PROBLEM TO SOLVE => Read the data below. Then repeat all of it exactly.
── EXERCISE DATA ──
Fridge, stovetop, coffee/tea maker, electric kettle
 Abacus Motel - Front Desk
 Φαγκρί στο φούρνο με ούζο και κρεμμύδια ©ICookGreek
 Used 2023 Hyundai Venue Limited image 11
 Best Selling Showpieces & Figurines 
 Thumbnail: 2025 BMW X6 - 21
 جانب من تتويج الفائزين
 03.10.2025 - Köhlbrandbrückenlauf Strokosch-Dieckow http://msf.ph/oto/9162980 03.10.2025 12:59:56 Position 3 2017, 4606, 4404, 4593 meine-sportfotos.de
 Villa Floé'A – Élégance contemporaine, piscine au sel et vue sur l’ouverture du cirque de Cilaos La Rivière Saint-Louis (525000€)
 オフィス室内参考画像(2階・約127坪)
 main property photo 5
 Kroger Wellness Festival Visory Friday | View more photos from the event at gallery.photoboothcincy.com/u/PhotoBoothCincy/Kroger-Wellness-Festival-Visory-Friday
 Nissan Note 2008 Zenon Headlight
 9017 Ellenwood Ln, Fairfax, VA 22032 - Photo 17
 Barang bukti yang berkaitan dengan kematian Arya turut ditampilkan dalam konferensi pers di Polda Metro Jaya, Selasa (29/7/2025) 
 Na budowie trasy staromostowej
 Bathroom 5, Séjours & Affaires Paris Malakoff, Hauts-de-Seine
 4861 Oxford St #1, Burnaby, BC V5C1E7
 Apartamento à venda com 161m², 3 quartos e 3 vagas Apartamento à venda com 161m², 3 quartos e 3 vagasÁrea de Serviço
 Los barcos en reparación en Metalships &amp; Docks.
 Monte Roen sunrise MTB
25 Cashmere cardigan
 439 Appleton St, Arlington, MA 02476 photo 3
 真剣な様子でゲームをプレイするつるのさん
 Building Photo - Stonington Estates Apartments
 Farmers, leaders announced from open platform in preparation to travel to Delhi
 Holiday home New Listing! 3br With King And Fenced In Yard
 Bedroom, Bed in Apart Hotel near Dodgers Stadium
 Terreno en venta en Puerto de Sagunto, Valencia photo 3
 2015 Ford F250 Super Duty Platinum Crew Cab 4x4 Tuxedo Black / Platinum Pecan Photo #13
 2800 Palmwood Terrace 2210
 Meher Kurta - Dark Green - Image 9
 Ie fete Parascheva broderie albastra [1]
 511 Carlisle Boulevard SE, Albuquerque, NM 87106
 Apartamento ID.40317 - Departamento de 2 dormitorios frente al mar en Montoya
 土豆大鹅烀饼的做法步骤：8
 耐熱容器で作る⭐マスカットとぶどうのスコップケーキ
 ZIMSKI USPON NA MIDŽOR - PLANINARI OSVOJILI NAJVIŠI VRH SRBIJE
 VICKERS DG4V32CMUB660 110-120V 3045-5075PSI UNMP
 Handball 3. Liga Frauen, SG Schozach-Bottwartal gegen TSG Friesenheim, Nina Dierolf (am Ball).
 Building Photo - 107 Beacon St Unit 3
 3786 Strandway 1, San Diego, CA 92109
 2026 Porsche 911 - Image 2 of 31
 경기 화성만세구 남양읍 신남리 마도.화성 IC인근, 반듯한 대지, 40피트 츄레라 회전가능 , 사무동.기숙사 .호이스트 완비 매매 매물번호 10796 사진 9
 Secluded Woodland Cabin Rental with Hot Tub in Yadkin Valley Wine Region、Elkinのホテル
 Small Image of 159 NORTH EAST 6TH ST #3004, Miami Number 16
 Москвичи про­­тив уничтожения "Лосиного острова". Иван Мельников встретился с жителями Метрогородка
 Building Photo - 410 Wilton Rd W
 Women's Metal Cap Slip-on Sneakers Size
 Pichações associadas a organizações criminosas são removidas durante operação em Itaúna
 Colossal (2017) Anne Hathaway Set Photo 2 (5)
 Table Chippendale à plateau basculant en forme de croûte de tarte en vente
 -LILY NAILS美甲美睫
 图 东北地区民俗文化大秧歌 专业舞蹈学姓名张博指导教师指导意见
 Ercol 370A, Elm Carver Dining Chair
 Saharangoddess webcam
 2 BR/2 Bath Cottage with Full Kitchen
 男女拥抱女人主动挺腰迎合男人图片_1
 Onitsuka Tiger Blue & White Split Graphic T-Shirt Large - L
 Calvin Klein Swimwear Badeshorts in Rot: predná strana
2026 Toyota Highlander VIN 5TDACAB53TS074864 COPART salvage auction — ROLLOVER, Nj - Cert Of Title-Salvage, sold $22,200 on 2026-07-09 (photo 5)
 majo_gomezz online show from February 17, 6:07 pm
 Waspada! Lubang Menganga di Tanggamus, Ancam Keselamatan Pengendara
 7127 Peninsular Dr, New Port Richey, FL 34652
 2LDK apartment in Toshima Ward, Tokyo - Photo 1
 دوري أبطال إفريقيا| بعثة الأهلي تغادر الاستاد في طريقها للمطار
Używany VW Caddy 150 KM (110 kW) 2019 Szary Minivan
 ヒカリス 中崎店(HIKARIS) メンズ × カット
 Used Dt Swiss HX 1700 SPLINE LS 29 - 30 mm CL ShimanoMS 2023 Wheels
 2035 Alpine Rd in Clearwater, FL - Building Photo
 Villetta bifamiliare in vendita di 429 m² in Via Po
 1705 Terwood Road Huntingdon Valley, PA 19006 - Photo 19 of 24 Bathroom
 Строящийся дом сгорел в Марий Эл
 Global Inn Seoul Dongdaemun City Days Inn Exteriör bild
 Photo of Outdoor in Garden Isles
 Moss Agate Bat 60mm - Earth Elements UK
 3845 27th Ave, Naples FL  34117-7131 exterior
───
YOUR SOLUTION =>
Fridge, stovetop, coffee/tea maker, electric kettle
 Abacus Motel - Front Desk
 Φαγκρί στο φούρνο με ούζο και κρεμμύδια ©ICookGreek
 Used 2023 Hyundai Venue Limited image 11
 Best Selling Showpieces & Figurines 
 Thumbnail: 2025 BMW X6 - 21
 جانب من تتويج الفائزين
 03.10.2025 - Köhlbrandbrückenlauf Strokosch-Dieckow http://msf.ph/oto/9162980 03.10.2025 12:59:56 Position 3 2017, 4606, 4404, 4593 meine-sportfotos.de
 Villa Floé'A – Élégance contemporaine, piscine au sel et vue sur l’ouverture du cirque de Cilaos La Rivière Saint-Louis (525000€)
 オフィス室内参考画像(2階・約127坪)
 main property photo 5
 Kroger Wellness Festival Visory Friday | View more photos from the event at gallery.photoboothcincy.com/u/PhotoBoothCincy/Kroger-Wellness-Festival-Visory-Friday
 Nissan Note 2008 Zenon Headlight
 9017 Ellenwood Ln, Fairfax, VA 22032 - Photo 17
 Barang bukti yang berkaitan dengan kematian Arya turut ditampilkan dalam konferensi pers di Polda Metro Jaya, Selasa (29/7/2025) 
 Na budowie trasy staromostowej
 Bathroom 5, Séjours & Affaires Paris Malakoff, Hauts-de-Seine
 4861 Oxford St #1, Burnaby, BC V5C1E7
 Apartamento à venda com 161m², 3 quartos e 3 vagas Apartamento à venda com 161m², 3 quartos e 3 vagasÁrea de Serviço
 Los barcos en reparación en Metalships &amp; Docks.
 Monte Roen sunrise MTB
25 Cashmere cardigan
 439 Appleton St, Arlington, MA 02476 photo 3
 真剣な様子でゲームをプレイするつるのさん
 Building Photo - Stonington Estates Apartments
 Farmers, leaders announced from open platform in preparation to travel to Delhi
 Holiday home New Listing! 3br With King And Fenced In Yard
 Bedroom, Bed in Apart Hotel near Dodgers Stadium
 Terreno en venta en Puerto de Sagunto, Valencia photo 3
 2015 Ford F250 Super Duty Platinum Crew Cab 4x4 Tuxedo Black / Platinum Pecan Photo #13
 2800 Palmwood Terrace 2210
 Meher Kurta - Dark Green - Image 9
 Ie fete Parascheva broderie albastra [1]
 511 Carlisle Boulevard SE, Albuquerque, NM 87106
 Apartamento ID.40317 - Departamento de 2 dormitorios frente al mar en Montoya
 土豆大鹅烀饼的做法步骤：8
 耐熱容器で作る⭐マスカットとぶどうのスコップケーキ
 ZIMSKI USPON NA MIDŽOR - PLANINARI OSVOJILI NAJVIŠI VRH SRBIJE
 VICKERS DG4V32CMUB660 110-120V 3045-5075PSI UNMP
 Handball 3. Liga Frauen, SG Schozach-Bottwartal gegen TSG Friesenheim, Nina Dierolf (am Ball).
 Building Photo - 107 Beacon St Unit 3
 3786 Strandway 1, San Diego, CA 92109
 2026 Porsche 911 - Image 2 of 31
 경기 화성만세구 남양읍 신남리 마도.화성 IC인근, 반듯한 대지, 40피트 츄레라 회전가능 , 사무동.기숙사 .호이스트 완비 매매 매물번호 10796 사진 9
 Secluded Woodland Cabin Rental with Hot Tub in Yadkin Valley Wine Region、Elkinのホテル
 Small Image of 159 NORTH EAST 6TH ST #3004, Miami Number 16
 Москвичи про­­тив уничтожения "Лосиного острова". Иван Мельников встретился с жителями Метрогородка
 Building Photo - 410 Wilton Rd W
 Women's Metal Cap Slip-on Sneakers Size
 Pichações associadas a organizações criminosas são removidas durante operação em Itaúna
 Colossal (2017) Anne Hathaway Set Photo 2 (5)
 Table Chippendale à plateau basculant en forme de croûte de tarte en vente
 -LILY NAILS美甲美睫
 图 东北地区民俗文化大秧歌 专业舞蹈学姓名张博指导教师指导意见
 Ercol 370A, Elm Carver Dining Chair
 Saharangoddess webcam
 2 BR/2 Bath Cottage with Full Kitchen
 男女拥抱女人主动挺腰迎合男人图片_1
 Onitsuka Tiger Blue & White Split Graphic T-Shirt Large - L
 Calvin Klein Swimwear Badeshorts in Rot: predná strana
2026 Toyota Highlander VIN 5TDACAB53TS074864 COPART salvage auction — ROLLOVER, Nj - Cert Of Title-Salvage, sold $22,200 on 2026-07-09 (photo 5)
 majo_gomezz online show from February 17, 6:07 pm
 Waspada! Lubang Menganga di Tanggamus, Ancam Keselamatan Pengendara
 7127 Peninsular Dr, New Port Richey, FL 34652
 2LDK apartment in Toshima Ward, Tokyo - Photo 1
 دوري أبطال إفريقيا| بعثة الأهلي تغادر الاستاد في طريقها للمطار
Używany VW Caddy 150 KM (110 kW) 2019 Szary Minivan
 ヒカリス 中崎店(HIKARIS) メンズ × カット
 Used Dt Swiss HX 1700 SPLINE LS 29 - 30 mm CL ShimanoMS 2023 Wheels
 2035 Alpine Rd in Clearwater, FL - Building Photo
 Villetta bifamiliare in vendita di 429 m² in Via Po
 1705 Terwood Road Huntingdon Valley, PA 19006 - Photo 19 of 24 Bathroom
 Строящийся дом сгорел в Марий Эл
 Global Inn Seoul Dongdaemun City Days Inn Exteriör bild
 Photo of Outdoor in Garden Isles
 Moss Agate Bat 60mm - Earth Elements UK
 3845 27th Ave, Naples FL  34117-7131 exterior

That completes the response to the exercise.